● Exercise: Taking the line that contains "Holly-Hat Gnome in" as the start and the last line of the data as the end, repeat exactly every line in that span, but no pictures.

═════ Given information ═════

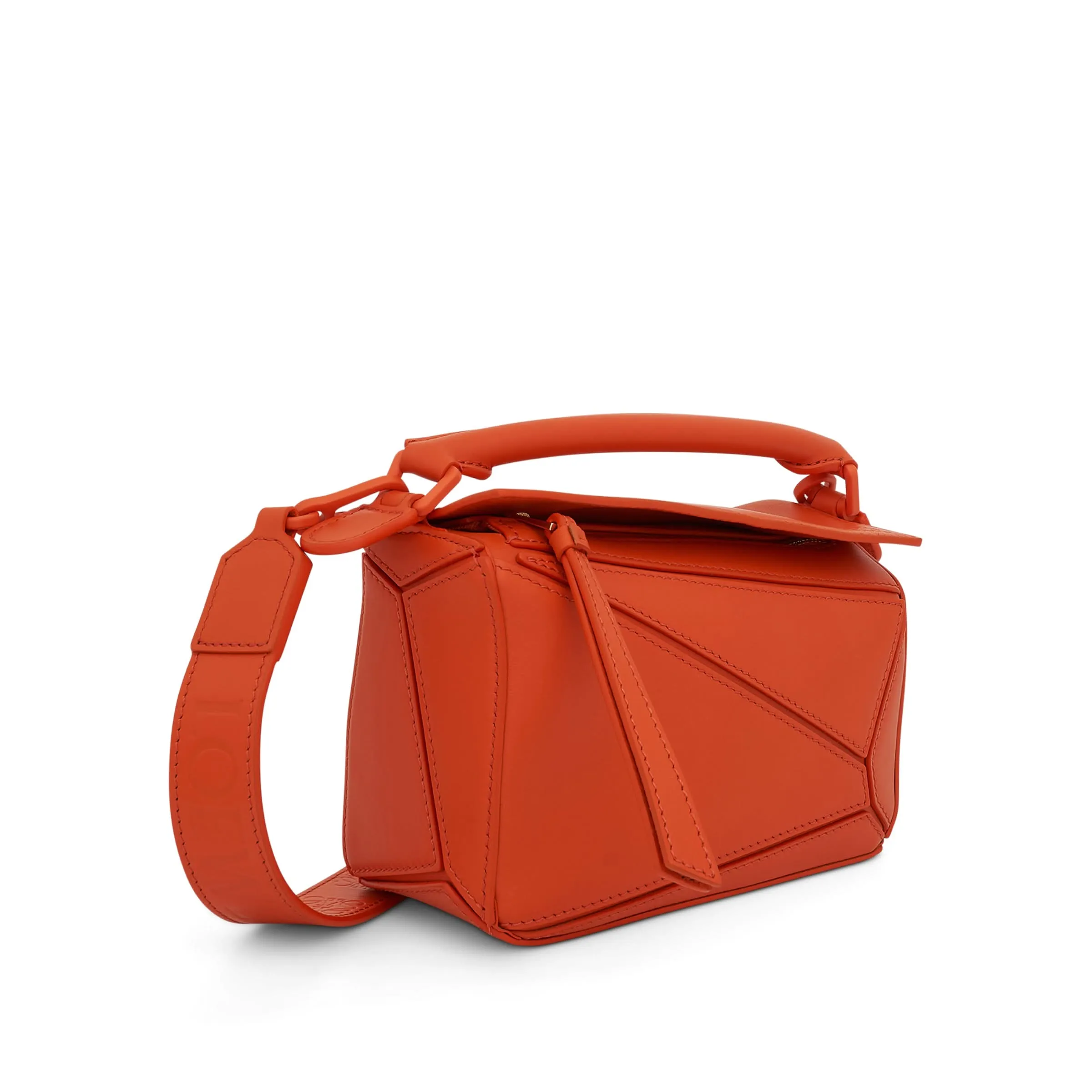 Mini Puzzle Bag in Satin Calfskin in Orange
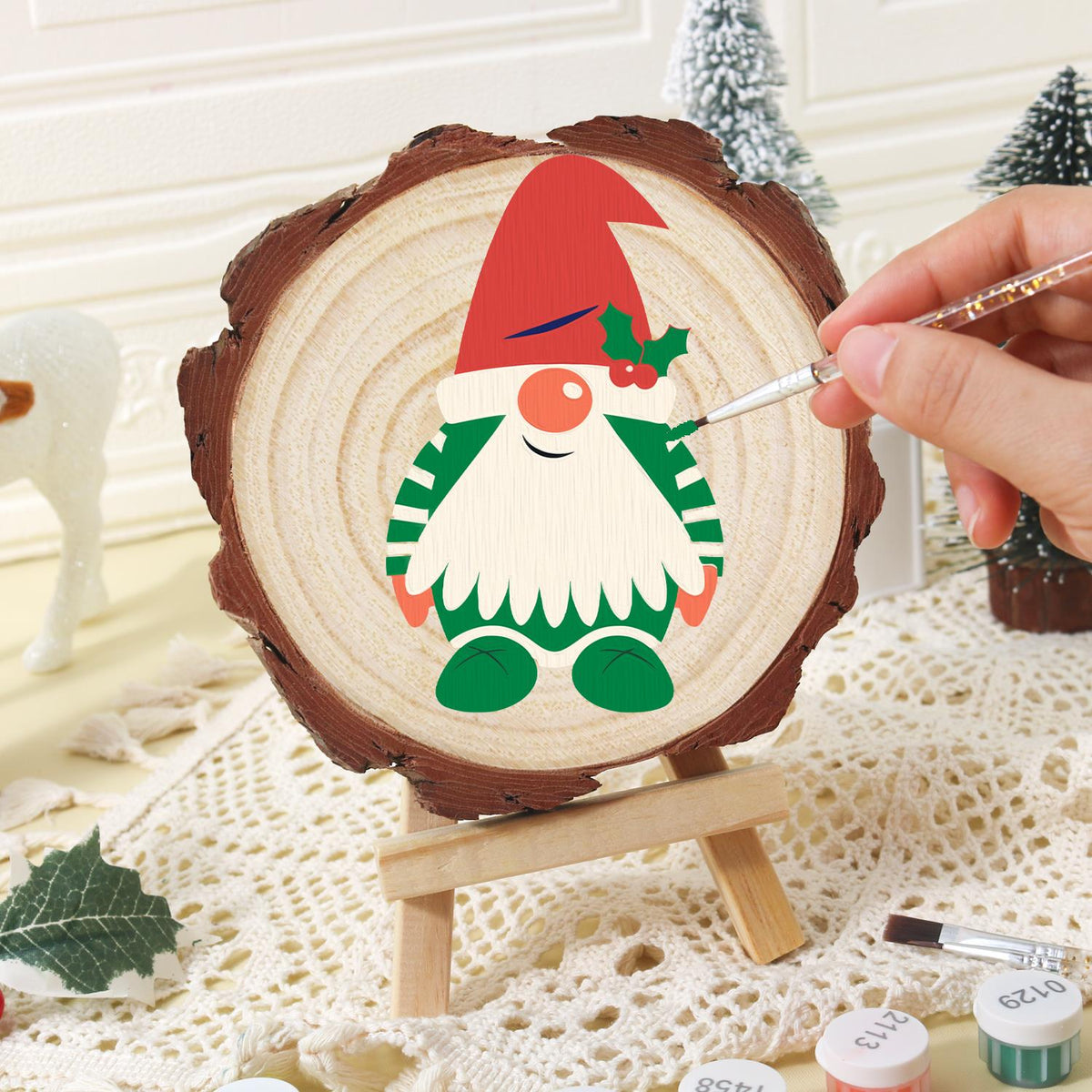 Holly-Hat Gnome in Green Stripes paint by numbers wood slice – image 16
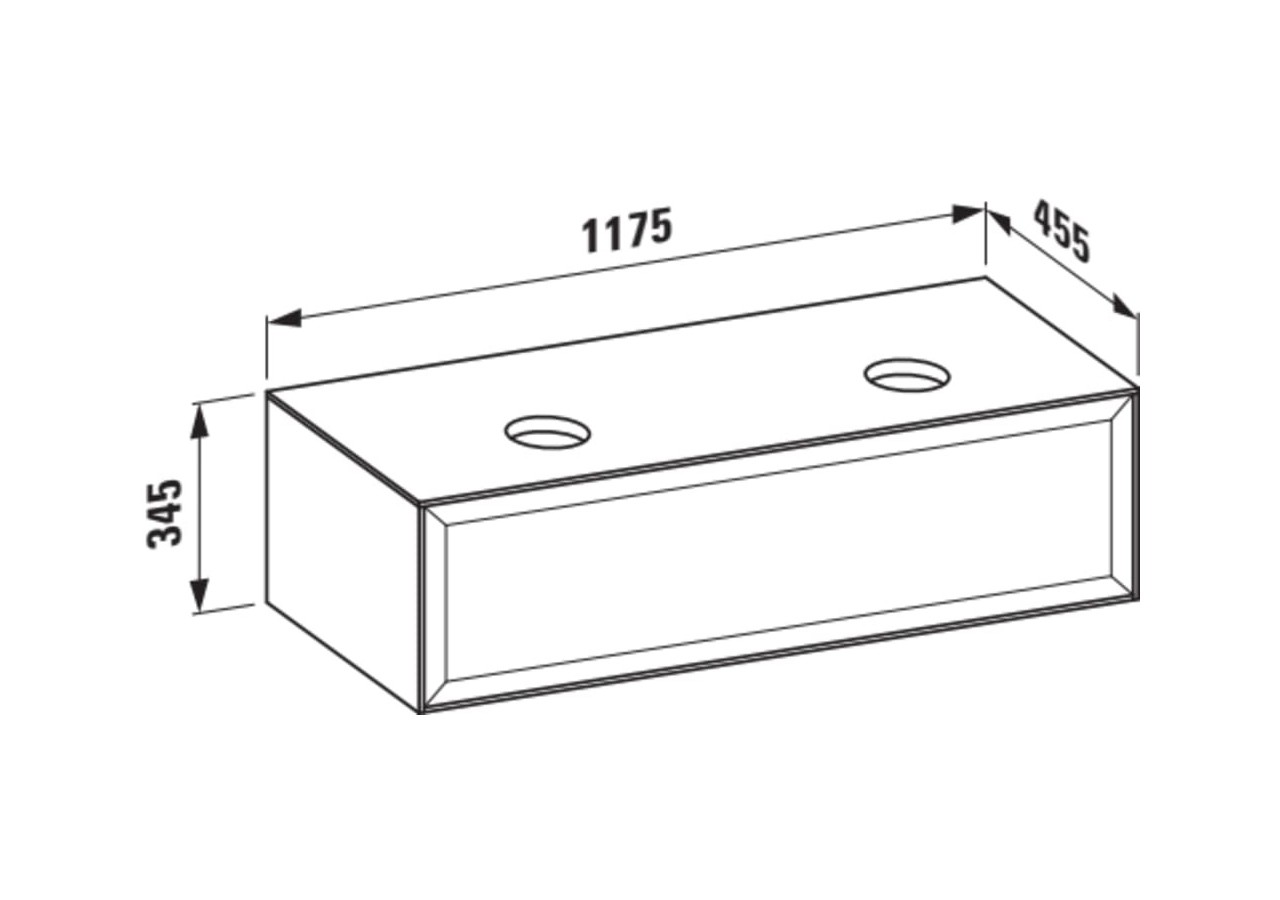 Meuble 1 tiroir New Classic Chêne noirci 1175 x 455 x 345 mm - H4060800856281 - Laufen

═════

● Solution for this problem:
 Holly-Hat Gnome in Green Stripes paint by numbers wood slice – image 16
 Meuble 1 tiroir New Classic Chêne noirci 1175 x 455 x 345 mm - H4060800856281 - Laufen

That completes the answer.